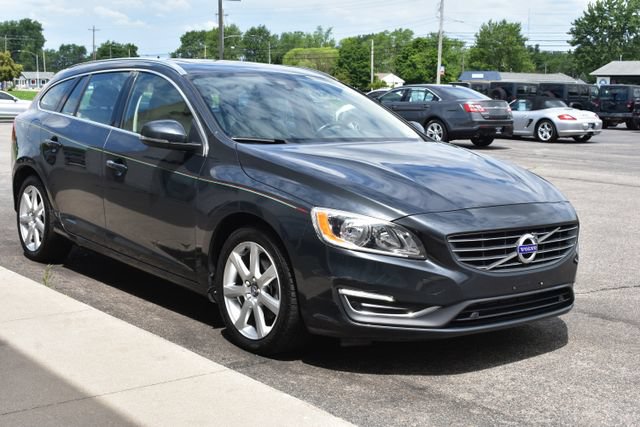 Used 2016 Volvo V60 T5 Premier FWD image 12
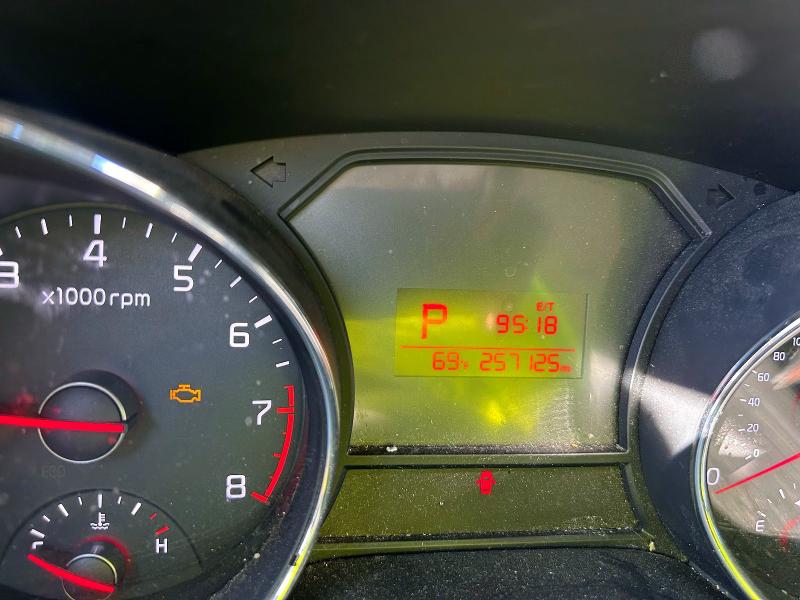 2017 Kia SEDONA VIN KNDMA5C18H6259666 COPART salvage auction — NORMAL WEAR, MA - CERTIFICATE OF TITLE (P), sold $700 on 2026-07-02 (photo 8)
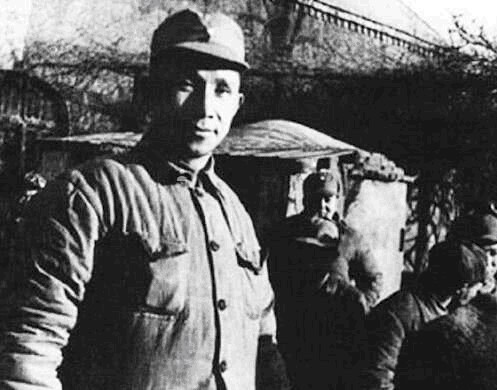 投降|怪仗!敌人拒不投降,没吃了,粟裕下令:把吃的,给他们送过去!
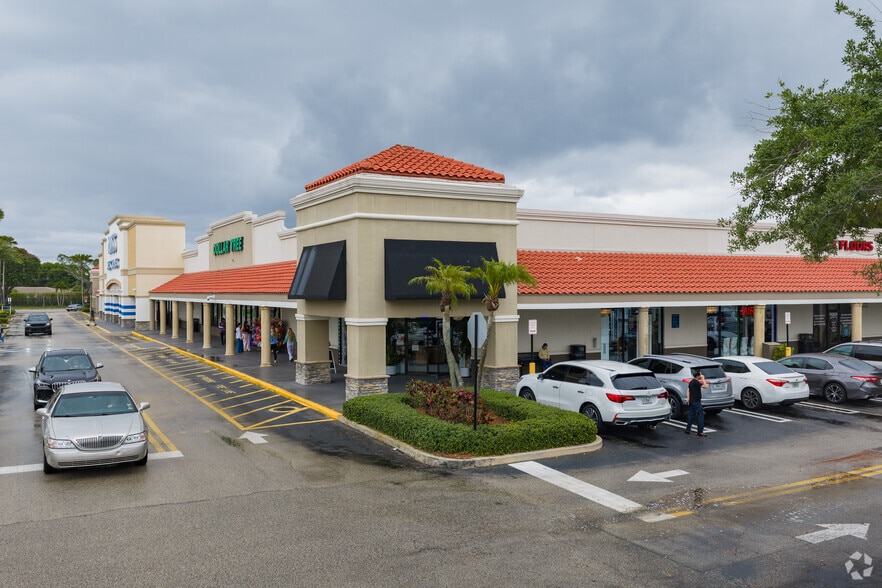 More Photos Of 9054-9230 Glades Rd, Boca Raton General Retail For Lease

...

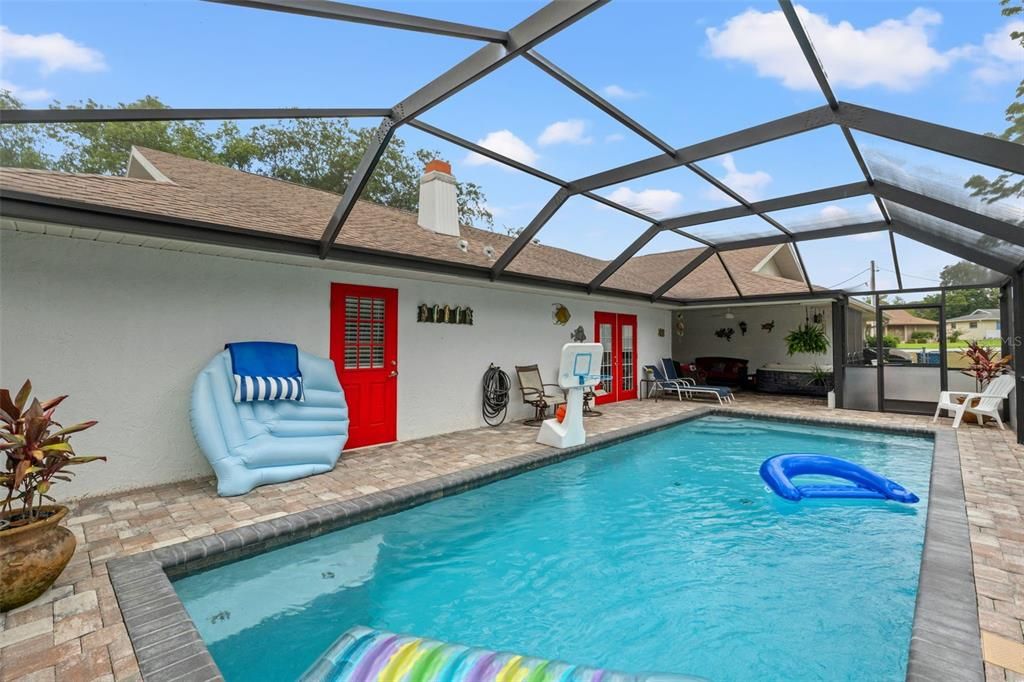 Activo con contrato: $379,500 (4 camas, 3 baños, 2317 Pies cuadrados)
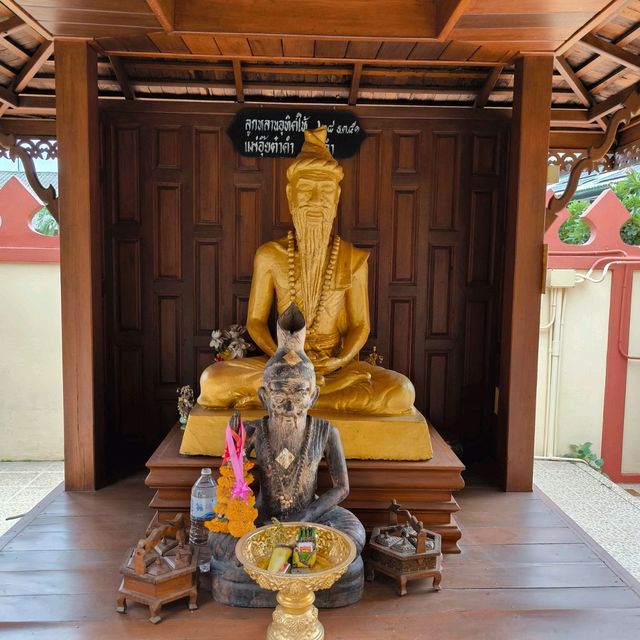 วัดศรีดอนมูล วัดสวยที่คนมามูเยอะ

...

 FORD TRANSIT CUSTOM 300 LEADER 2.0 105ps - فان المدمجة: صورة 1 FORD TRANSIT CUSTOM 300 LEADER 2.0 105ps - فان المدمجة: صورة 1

> **WHAT IS BEING ASKED**: In the records above, find the line with "Used 2016 Volvo V60 T5 Premier FWD image 12". Print exactly from there through the line with "More Photos Of", minus the pictures.

> **OUTPUT**:
 Used 2016 Volvo V60 T5 Premier FWD image 12
 2017 Kia SEDONA VIN KNDMA5C18H6259666 COPART salvage auction — NORMAL WEAR, MA - CERTIFICATE OF TITLE (P), sold $700 on 2026-07-02 (photo 8)
 投降|怪仗!敌人拒不投降,没吃了,粟裕下令:把吃的,给他们送过去!
 More Photos Of 9054-9230 Glades Rd, Boca Raton General Retail For Lease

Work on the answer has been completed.